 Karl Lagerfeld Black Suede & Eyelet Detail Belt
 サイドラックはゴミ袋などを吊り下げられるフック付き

══════════

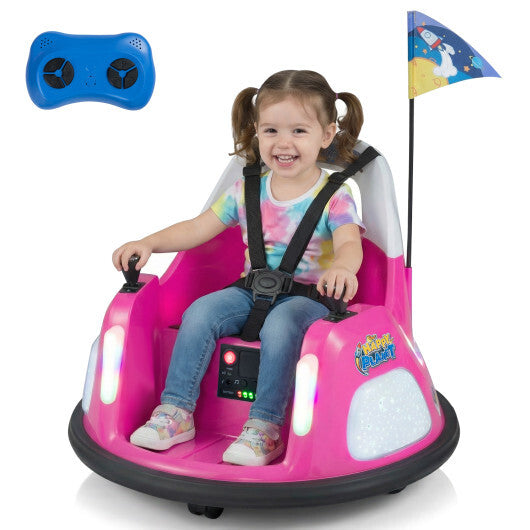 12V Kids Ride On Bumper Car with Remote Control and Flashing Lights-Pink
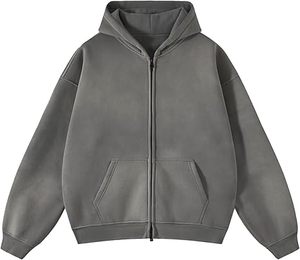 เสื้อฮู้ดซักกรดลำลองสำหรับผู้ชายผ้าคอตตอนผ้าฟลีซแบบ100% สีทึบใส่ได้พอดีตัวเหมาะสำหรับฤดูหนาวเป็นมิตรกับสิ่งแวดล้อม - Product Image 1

══════════

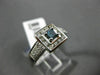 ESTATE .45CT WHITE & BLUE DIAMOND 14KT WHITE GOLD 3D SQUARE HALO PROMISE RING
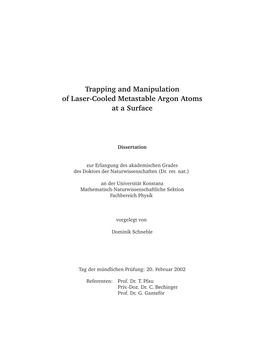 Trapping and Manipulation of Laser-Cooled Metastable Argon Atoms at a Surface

══════════

• _WORK REQUIRED_
Find the line with "Karl Lagerfeld Black" in the material above. Reproduce it and each line after it up to and including the line with "サイドラックはゴミ袋などを吊り下げられるフック付き".

• _RESPONSE AREA_
 Karl Lagerfeld Black Suede & Eyelet Detail Belt
 サイドラックはゴミ袋などを吊り下げられるフック付き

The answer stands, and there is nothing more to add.